Founded by Greek colonists from Phocaea around 600 BC, Marseille (ancient Massalia) has a long history of Jewish presence dating back 1,000 years.  Today, France’s second largest city is home to about 80,000 Jews, or almost 10% of its population.  This represents one of the largest Jewish populations on the shores of the Mediterranean Sea, outside of Israel, with Marseille being the second-largest Jewish community in France and the third-largest in the whole of Western Europe. 

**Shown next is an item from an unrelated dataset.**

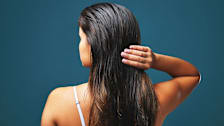 rear view of woman with long hair holding her hair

There are 44 synagogues In Marseille that are attended daily by more than 5,000 people.  The oldest and grandest is known as the Grand Synagogue of Marseille (Temple Breteuil which also houses the Jewish consistory).  Opened on September 22, 1864 at the orders of Napoleon III, it is a three-story Sephardi synagogue (with an active, although smaller Ashkenazi chapel) that hosts Shabbat services on Saturdays, followed by Provençal-style Kiddush including green olives, anchovies, and pastis, which is a local anise-based liqueur.  The impressive sanctuary – with the men’s section on the ground floor and the women on the second floor – has shining marble floors, chandeliers, Romanesque arches and jewel-toned stained-glass windows.  Built by the French architect Nathan Saloman, the building has fashionable Oriental motifs.  The emergence of large, purpose-built synagogues were a reflection of the changing socioeconomic and legal status of urban Jews.  It reflects the emergence of public Judaism – that is Judaism which was no longer physically and visually contained.  In the Middle Ages and early modern building, the local authorities who tolerated a Jewish presence in their towns prohibited Jews from constructing conspicuous buildings, as they did not want synagogues to compete with Christian churches.  An organ in the Grand Synagogue reflects a means to expose Jewish “regeneration” and proof of political equality.  It was a reflection of the socio-economic, political, and ideological ambitions of the urban Jewish community.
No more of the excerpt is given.